=== EXERCISE REQUIREMENTS ===
What needs reproducing is the run of lines in the data below starting at the line with "Dryopteris borreri image" and ending at the line with "Pattaya elephants 스톡 동영상 567977", both ends included. Copy it exactly, without pictures, and add nothing.

=== RECORDS FOR THIS TASK ===
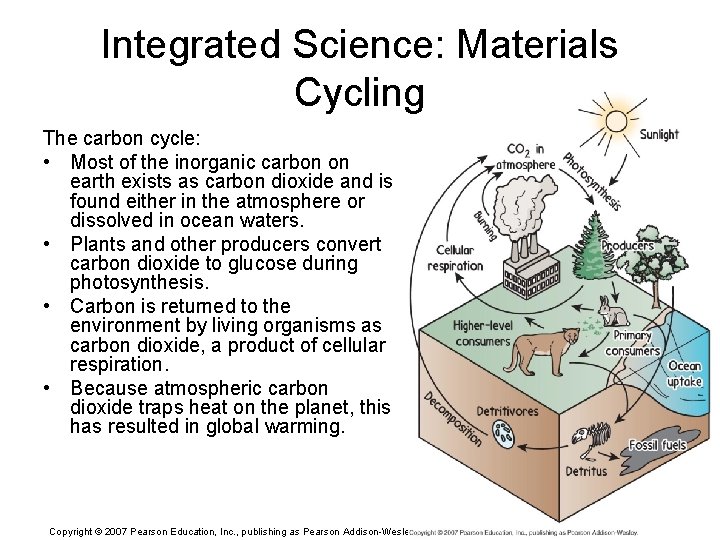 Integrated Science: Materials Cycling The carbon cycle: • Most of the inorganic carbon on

--

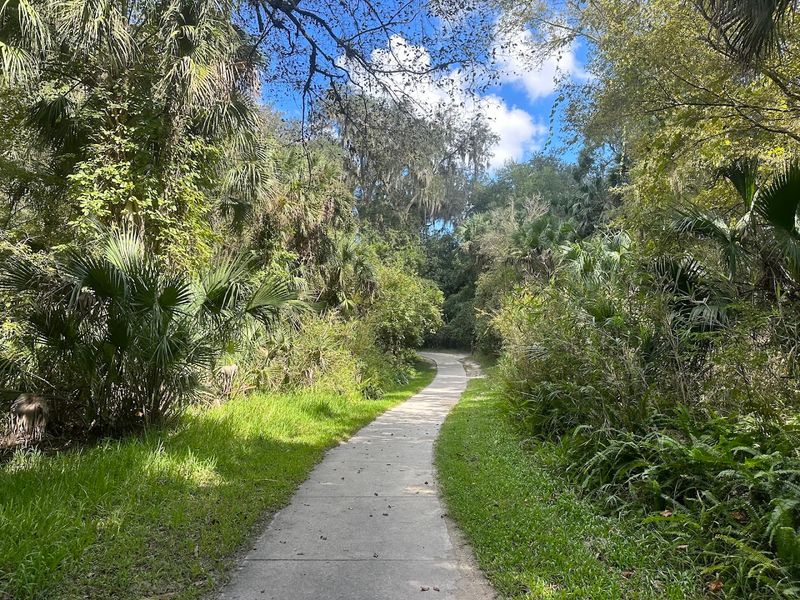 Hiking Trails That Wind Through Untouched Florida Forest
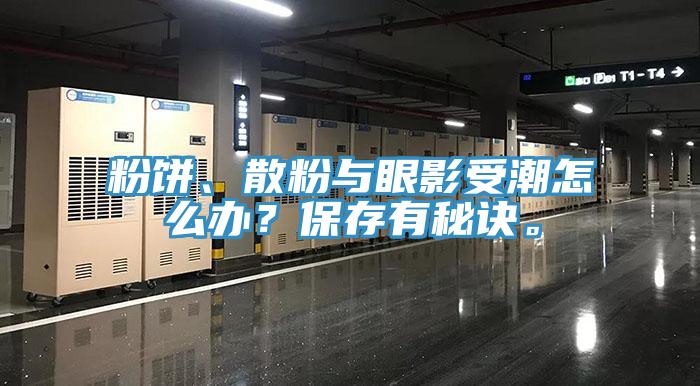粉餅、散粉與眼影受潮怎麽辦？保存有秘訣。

---

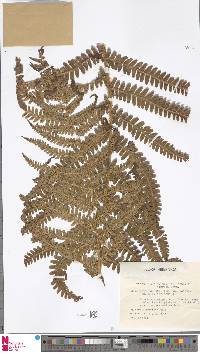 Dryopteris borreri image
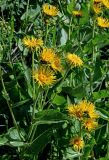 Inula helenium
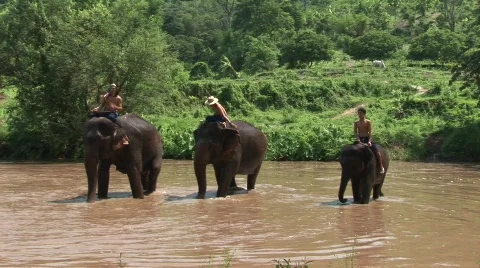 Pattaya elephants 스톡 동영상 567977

=== ANSWER BOX ===
 Dryopteris borreri image
 Inula helenium
 Pattaya elephants 스톡 동영상 567977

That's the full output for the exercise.